Directed by Brett Ratner [Other horror films: N/A]
I’ve not seen Manhunter, the 1986 movie which was the first to portray Hannibal Lecter. The film used to get a bit of a bad rap, but in recent years, I’ve heard pretty positive things about it, and when I do get to that one, I generally expect to enjoy it for what it is. Red Dragon is based off that same novel, though, and with strong star power and a decent story, the film stands out well in my opinion.

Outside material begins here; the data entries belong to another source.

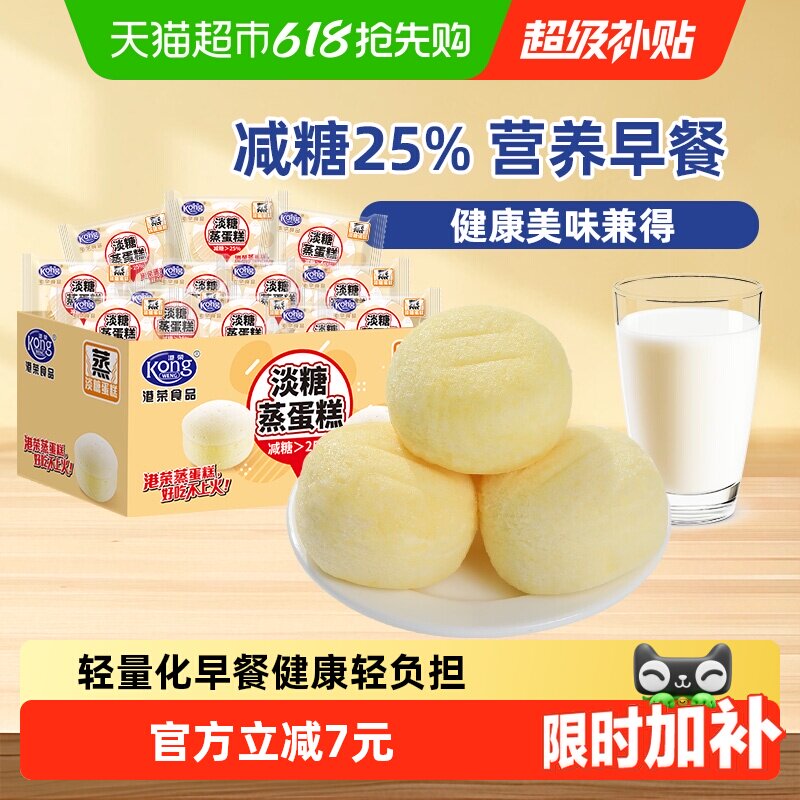【下拉享补贴】港荣淡糖蒸蛋糕减糖25% 营养早餐小面包健康糕点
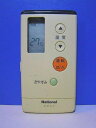 【中古】パナソニック ナショナル エアコンリモコン A75C694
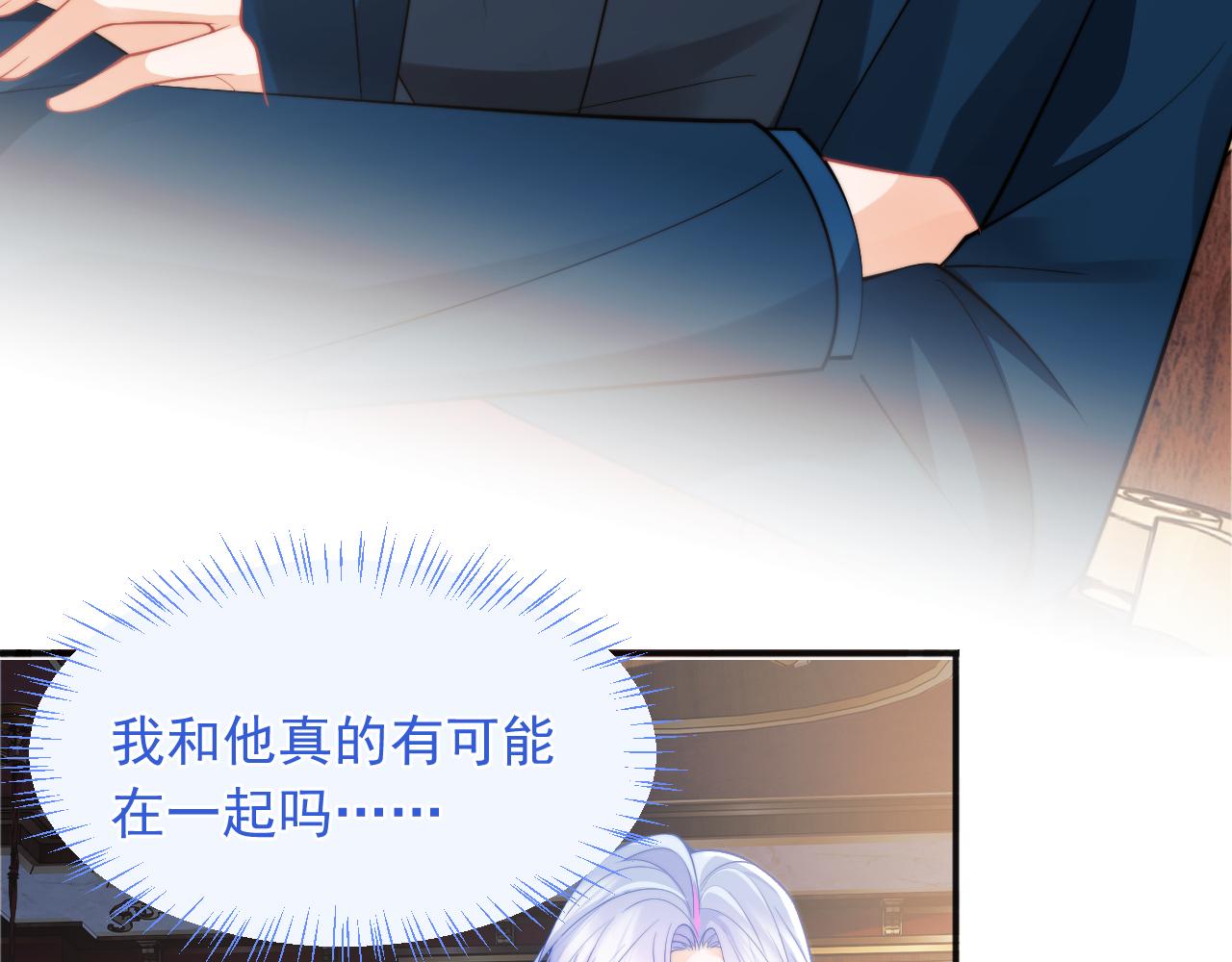 第29话 主动出击66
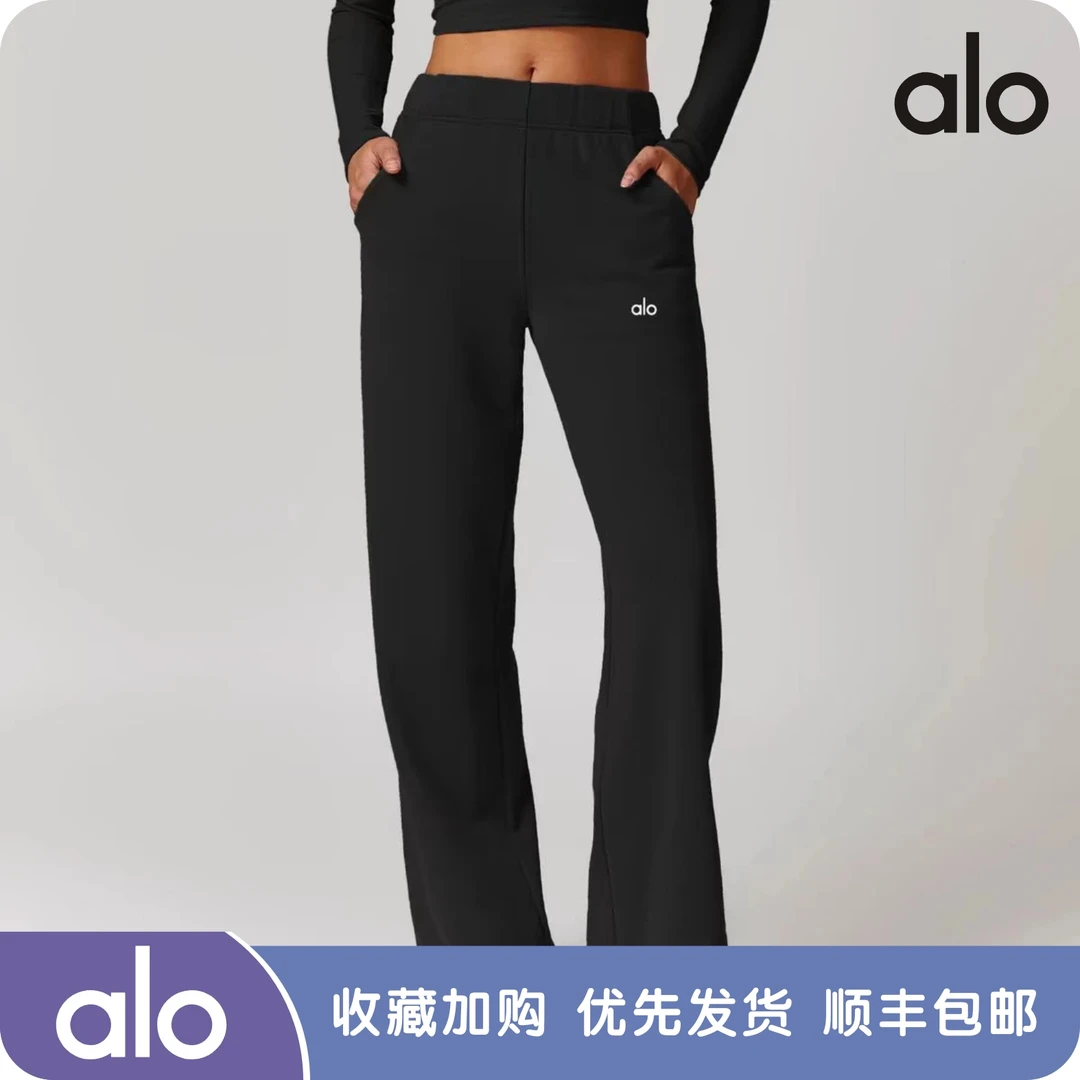 ALO yoga阔腿裤女秋冬加厚高腰垂感宽松休闲直筒健身运动瑜伽长裤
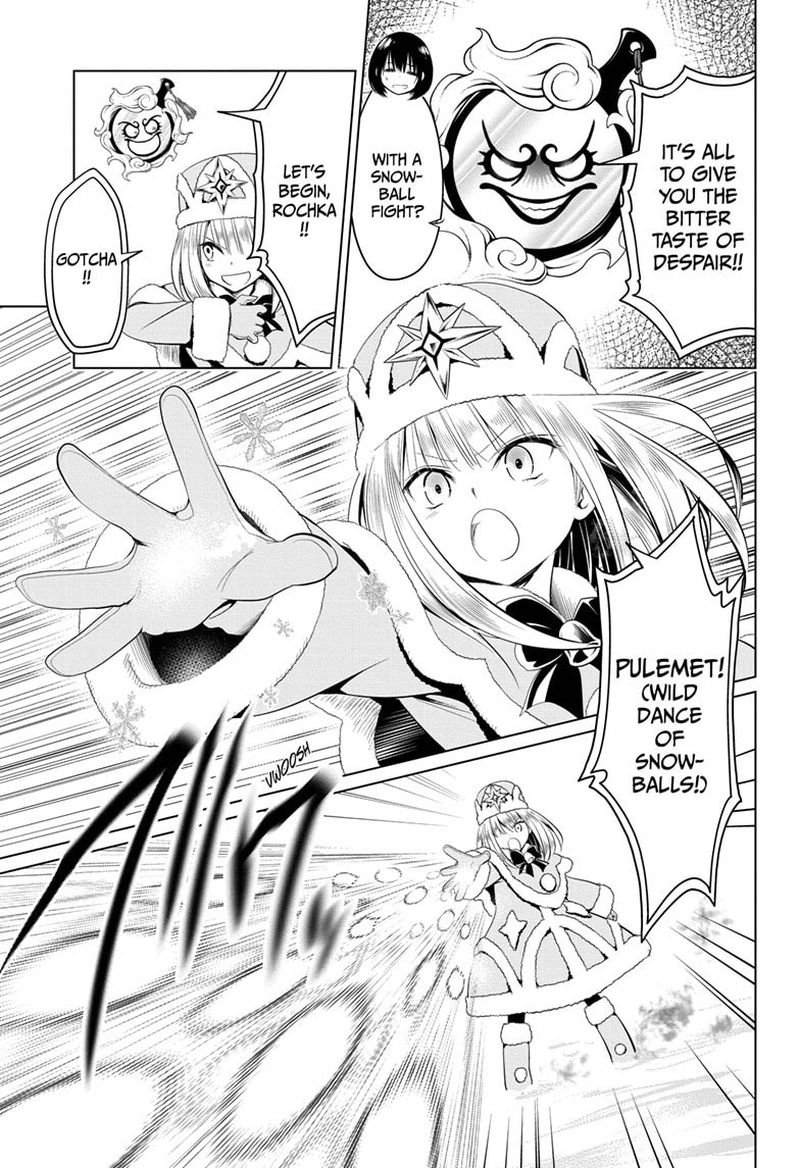 Ayakashi Triangle 38 5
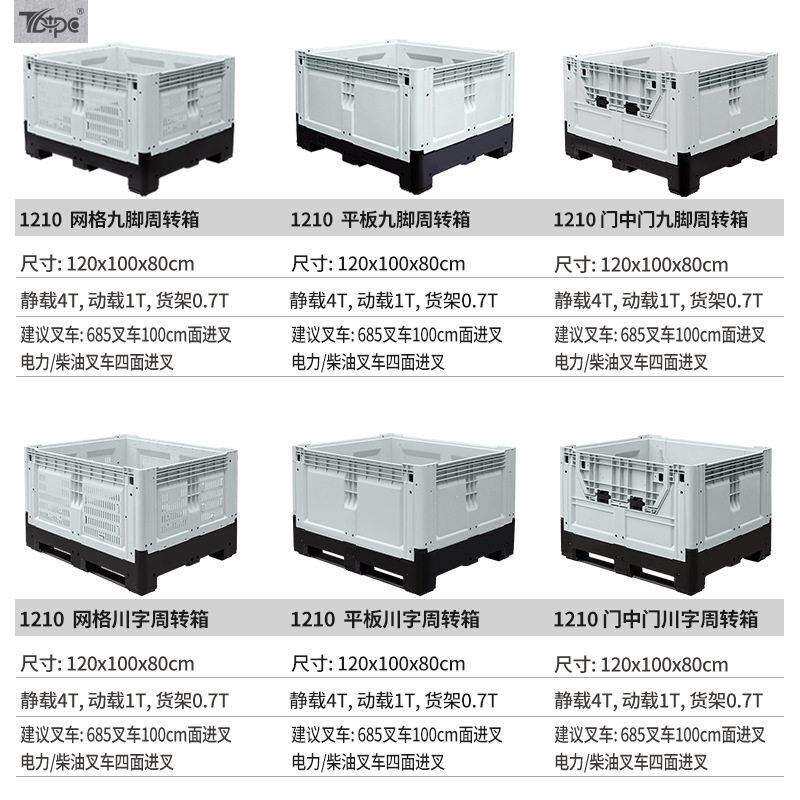 1210折叠立体式卡板箱封闭式塑料叉车托盘带盖水果卡板周转箱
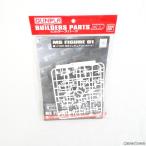 『中古即納』{PTM} BPHD(ビルダーズパーツHD) 1/100 MSフィギュア01(ホワイト) プラモデル(0211171) バンダイ(20160730)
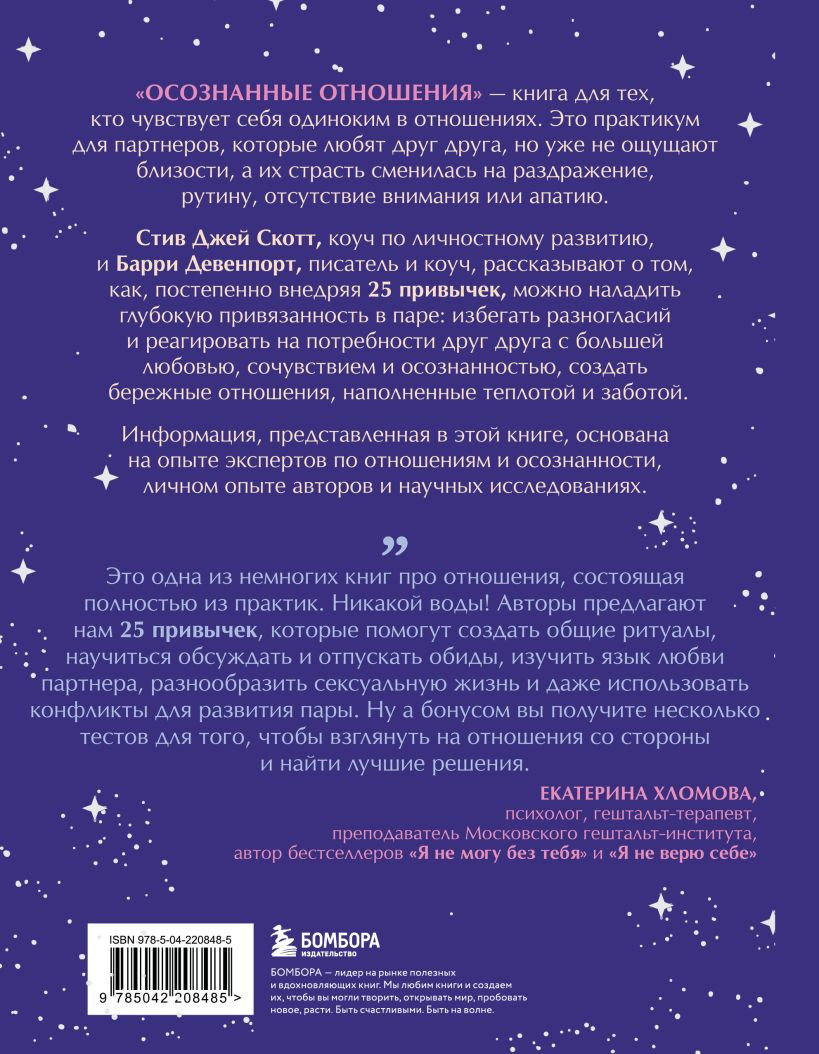 Книга Бомбора Осознанные отношения (Скотт Стив, Девенпорт Барри 9785042208485) — фото 2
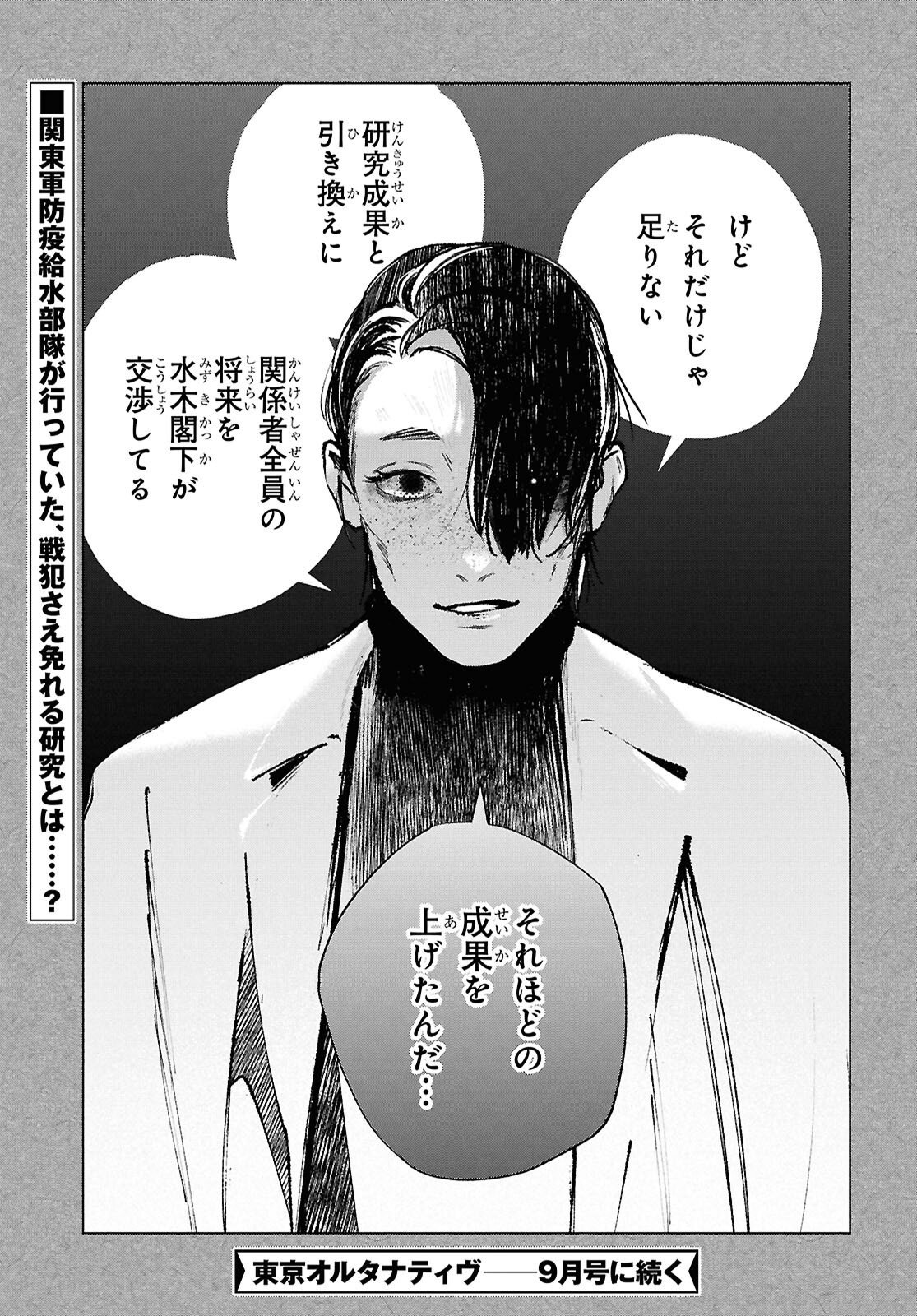 Read TOKYO ALTERNATIVE Chapter 66 [High Quality / Full] - Page 23 - dark.nicomanga.com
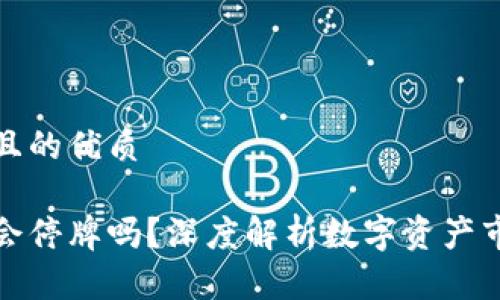 思考一个且的优质

加密货币会停牌吗？深度解析数字资产市场的动态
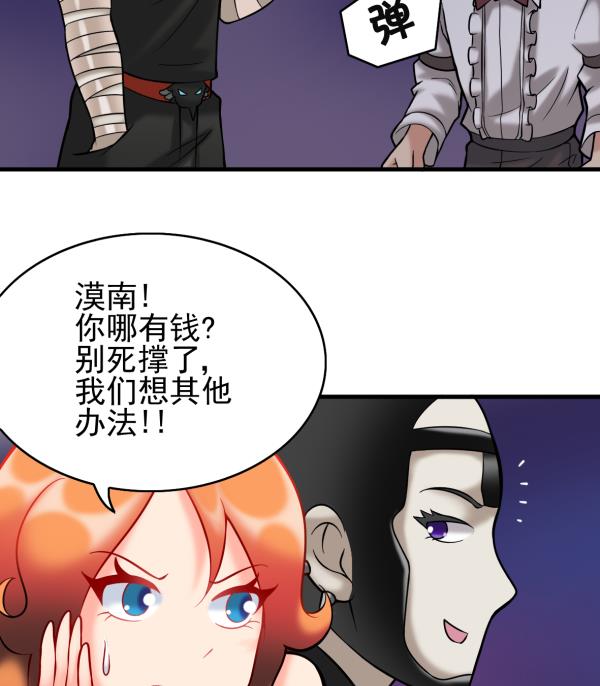 第32话 如何赔钱86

Admittedly, I like the story in 2001’s Hannibal more than the story here, but I think the cast for this one is of a higher caliber. Anthony Hopkins does well in his limited screen-time, but he’s not near as memorable here as The Silence of the Lambs. Edward Norton, an actor I enjoy in everything from The Incredible Hulk to Moonrise Kingdom, does great here, and it’s always fun to see Norton on-screen, even if he’s played a tortured FBI agent.
Ralph Fiennes (who played Voldemort in the Harry Potter films) does a fantastic job as the insane Dolarhyde. At times gentle, at times fierce, Fiennes really put a lot into his performance. Philip Seymour Hoffman isn’t a name I really know, but he stood out as a sleazy journalist. I didn’t like his character, but he did a solid job. Others who are worth a mention include Anthony Heald (from The Silence in the Lambs), Ken Leung (2004’s Saw, along with the ill-fated series Inhumans), Harvey Keitel (Pulp Fiction), Emily Watson (I don’t know her, but she is attractive, with a strong performance), and Mary-Louise Parker (a reoccurring character on The West Wing).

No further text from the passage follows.